Yes we can add some clarification, although
by implication any child that does not carry inputValueCalc will give rise
to a separator.
Same therefore true for empty choice,
though a choice with no branches is a schema definition error, as is a
choice branch that carries inputValueCalc, so it's clearer than the empty
sequence case.
Regards
Steve Hanson
IBM Hybrid Integration, Hursley, UK
Architect, IBM
DFDL
Co-Chair, OGF
DFDL Working Group
smh@uk.ibm.com
tel:+44-1962-815848
mob:+44-7717-378890
Note: I work Tuesday to Friday
From:
Mike Beckerle <mbeckerle.dfdl@gmail.com>
To:
Steve Hanson <smh@uk.ibm.com>
Cc:
dev@daffodil.apache.org,
dfdl-wg@ogf.org, dfdl-wg <dfdl-wg-bounces@ogf.org>
Date:
01/08/2018 14:57
Subject:
Re: [DFDL-WG]
Clarification needed: separator for empty sequence
Added Daffodil bug https://issues.apache.org/jira/browse/DAFFODIL-1975.

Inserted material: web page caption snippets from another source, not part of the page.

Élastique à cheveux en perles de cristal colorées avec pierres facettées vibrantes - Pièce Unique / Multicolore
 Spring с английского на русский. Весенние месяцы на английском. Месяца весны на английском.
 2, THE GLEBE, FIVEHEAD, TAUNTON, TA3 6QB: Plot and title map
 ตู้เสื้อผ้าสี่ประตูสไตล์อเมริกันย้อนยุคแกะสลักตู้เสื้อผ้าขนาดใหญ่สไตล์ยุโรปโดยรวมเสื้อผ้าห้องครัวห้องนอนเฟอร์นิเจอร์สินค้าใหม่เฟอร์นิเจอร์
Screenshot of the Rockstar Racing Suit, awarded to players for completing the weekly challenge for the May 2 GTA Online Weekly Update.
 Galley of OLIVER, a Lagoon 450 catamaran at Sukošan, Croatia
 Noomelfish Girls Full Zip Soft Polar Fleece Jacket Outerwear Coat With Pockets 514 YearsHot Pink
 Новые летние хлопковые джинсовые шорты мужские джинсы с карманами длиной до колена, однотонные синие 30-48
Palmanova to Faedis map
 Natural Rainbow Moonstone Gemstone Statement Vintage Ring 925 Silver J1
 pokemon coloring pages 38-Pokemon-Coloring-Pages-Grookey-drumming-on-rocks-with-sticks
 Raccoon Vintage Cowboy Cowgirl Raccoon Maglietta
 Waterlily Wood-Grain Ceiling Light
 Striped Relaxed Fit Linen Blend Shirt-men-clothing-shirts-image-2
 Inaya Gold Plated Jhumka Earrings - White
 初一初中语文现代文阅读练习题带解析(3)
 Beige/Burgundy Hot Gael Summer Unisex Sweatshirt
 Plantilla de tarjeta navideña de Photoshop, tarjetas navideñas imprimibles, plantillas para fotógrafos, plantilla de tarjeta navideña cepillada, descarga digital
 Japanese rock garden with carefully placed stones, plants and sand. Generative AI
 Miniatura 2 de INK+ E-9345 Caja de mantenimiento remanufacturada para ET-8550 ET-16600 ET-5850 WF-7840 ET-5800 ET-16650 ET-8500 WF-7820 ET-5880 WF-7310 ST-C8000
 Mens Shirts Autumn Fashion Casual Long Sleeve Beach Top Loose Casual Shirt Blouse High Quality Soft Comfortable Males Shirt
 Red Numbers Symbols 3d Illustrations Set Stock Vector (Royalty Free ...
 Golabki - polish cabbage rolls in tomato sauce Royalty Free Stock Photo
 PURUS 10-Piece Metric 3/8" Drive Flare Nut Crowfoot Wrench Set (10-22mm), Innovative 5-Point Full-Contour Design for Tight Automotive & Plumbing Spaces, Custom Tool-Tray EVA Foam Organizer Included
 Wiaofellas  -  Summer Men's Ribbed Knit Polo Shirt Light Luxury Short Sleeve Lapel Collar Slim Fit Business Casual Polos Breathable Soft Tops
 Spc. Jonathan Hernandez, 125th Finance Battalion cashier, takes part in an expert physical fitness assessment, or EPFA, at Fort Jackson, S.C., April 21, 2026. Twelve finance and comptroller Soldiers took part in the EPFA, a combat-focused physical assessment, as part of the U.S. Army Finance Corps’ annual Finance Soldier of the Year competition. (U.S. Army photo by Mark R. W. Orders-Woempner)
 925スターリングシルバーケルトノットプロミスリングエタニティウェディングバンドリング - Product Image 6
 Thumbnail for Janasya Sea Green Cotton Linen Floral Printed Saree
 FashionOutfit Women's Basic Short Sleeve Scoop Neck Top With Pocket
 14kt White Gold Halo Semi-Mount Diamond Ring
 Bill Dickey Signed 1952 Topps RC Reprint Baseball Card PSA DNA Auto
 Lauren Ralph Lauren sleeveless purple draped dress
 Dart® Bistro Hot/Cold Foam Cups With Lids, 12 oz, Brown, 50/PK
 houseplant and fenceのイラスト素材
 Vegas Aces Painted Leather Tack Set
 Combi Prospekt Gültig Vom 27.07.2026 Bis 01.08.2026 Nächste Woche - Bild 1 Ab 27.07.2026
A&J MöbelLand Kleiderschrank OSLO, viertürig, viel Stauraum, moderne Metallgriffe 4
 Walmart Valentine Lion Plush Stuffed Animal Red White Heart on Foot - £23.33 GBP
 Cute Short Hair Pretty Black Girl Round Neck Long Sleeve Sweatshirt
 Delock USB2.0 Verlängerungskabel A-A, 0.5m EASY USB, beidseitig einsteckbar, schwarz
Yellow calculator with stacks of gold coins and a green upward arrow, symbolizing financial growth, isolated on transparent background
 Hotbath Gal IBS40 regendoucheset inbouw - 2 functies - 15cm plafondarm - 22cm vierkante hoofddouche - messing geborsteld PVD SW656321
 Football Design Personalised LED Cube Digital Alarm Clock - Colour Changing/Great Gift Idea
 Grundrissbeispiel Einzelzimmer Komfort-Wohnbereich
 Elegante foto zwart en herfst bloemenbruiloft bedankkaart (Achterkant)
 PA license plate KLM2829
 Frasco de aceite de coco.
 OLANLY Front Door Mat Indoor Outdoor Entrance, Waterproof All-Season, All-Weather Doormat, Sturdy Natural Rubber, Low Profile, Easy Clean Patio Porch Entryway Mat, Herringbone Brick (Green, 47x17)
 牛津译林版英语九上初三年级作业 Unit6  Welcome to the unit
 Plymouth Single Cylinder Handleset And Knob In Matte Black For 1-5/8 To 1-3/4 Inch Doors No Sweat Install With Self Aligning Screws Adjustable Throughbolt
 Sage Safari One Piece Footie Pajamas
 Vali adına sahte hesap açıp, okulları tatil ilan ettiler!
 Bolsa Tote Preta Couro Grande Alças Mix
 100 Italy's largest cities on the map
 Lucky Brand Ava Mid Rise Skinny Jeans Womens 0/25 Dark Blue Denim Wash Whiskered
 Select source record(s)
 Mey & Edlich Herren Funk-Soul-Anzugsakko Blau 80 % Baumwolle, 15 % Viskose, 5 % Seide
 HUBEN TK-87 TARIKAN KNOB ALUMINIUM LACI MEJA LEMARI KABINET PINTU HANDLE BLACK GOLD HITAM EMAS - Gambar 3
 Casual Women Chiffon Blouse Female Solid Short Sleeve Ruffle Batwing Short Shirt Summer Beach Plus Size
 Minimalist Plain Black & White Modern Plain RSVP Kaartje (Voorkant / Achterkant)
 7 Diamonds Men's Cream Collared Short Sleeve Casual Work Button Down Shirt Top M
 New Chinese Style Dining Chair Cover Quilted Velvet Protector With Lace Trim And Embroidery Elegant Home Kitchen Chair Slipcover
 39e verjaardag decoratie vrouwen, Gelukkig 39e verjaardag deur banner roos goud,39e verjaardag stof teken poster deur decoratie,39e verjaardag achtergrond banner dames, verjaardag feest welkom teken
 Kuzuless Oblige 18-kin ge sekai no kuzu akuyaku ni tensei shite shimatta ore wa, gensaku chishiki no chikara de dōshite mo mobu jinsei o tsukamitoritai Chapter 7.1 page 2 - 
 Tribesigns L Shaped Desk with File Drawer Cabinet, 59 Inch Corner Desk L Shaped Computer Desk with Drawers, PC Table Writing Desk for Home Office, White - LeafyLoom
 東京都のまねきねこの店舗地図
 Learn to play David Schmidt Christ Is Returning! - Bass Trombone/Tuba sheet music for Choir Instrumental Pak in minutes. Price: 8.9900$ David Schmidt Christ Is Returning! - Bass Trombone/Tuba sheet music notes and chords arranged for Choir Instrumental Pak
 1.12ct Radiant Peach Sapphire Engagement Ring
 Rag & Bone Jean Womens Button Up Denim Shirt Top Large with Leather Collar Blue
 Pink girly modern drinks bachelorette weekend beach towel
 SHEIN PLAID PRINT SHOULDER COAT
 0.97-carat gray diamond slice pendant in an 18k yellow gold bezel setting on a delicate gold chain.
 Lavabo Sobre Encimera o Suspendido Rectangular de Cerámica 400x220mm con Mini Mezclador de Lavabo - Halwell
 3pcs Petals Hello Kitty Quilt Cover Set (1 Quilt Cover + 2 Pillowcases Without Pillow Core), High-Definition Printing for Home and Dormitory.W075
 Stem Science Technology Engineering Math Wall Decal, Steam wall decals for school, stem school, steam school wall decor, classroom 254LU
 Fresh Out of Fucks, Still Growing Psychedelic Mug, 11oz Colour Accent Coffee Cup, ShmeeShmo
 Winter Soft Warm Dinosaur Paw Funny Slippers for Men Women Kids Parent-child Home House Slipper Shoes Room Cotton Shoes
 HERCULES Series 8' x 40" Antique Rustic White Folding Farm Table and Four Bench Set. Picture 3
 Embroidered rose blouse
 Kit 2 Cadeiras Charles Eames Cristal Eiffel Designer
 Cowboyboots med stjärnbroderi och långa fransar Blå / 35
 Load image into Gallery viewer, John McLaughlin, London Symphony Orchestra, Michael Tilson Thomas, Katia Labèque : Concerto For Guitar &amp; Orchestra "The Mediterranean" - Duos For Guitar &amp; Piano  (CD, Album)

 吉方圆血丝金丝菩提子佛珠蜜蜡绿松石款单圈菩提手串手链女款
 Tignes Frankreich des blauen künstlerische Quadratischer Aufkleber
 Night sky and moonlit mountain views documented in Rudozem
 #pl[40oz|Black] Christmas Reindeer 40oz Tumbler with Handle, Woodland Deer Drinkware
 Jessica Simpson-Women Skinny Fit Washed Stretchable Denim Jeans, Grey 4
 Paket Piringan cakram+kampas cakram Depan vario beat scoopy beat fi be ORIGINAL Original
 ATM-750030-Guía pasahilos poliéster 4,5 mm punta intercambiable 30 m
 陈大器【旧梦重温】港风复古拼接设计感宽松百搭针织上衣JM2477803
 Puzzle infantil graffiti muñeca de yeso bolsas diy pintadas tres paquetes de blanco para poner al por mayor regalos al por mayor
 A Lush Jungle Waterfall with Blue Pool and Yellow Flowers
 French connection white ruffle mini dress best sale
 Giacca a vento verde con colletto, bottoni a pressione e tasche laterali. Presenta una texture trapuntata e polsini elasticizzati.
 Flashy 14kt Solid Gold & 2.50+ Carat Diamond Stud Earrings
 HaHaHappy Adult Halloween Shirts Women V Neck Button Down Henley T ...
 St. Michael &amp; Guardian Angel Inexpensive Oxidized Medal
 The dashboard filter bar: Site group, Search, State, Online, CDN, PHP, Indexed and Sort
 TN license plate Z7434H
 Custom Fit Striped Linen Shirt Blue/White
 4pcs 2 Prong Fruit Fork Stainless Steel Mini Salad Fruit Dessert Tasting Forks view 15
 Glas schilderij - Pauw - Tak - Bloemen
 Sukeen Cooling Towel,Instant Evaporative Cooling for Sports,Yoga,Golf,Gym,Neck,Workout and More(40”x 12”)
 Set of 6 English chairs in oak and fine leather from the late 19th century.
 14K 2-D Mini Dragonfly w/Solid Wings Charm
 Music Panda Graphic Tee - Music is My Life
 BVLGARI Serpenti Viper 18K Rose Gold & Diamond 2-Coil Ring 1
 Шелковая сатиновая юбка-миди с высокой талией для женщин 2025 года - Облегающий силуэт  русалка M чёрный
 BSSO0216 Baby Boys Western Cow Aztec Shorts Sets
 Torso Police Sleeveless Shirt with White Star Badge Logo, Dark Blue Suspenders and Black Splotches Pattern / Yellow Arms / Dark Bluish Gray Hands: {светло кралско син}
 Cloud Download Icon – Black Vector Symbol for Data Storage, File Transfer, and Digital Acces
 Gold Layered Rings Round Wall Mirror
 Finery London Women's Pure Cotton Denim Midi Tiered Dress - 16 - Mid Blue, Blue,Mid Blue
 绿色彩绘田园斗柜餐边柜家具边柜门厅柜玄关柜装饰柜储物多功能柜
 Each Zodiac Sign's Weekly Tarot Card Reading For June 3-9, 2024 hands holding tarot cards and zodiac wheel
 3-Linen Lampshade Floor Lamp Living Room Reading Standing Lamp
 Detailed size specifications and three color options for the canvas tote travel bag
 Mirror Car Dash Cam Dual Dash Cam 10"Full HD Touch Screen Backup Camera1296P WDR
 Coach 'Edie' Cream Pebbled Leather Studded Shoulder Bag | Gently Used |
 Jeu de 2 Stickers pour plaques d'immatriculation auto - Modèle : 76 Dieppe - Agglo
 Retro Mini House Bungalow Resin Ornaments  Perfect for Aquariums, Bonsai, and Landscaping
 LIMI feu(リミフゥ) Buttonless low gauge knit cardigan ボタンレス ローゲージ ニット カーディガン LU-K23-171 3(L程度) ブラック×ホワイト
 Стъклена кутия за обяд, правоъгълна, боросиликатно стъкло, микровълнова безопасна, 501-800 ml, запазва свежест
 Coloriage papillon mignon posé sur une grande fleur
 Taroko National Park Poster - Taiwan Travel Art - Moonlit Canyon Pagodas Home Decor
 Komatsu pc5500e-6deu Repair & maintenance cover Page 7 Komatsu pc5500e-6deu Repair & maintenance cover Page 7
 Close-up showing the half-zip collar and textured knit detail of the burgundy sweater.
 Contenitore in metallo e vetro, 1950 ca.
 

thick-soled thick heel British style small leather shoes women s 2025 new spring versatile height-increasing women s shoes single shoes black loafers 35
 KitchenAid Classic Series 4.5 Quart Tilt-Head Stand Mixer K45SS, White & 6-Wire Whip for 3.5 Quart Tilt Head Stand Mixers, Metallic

I think we should add a very positive statement like "All
sequences, including empty sequences are considered represented terms that
are required, and hence, they imply framing such as alignment and presence
of separators in separated sequences even if they have zero length. Separator
suppression based on dfdl:separatorSuppressionPolicy does not apply."
Does this go for empty choices as well? I think it should.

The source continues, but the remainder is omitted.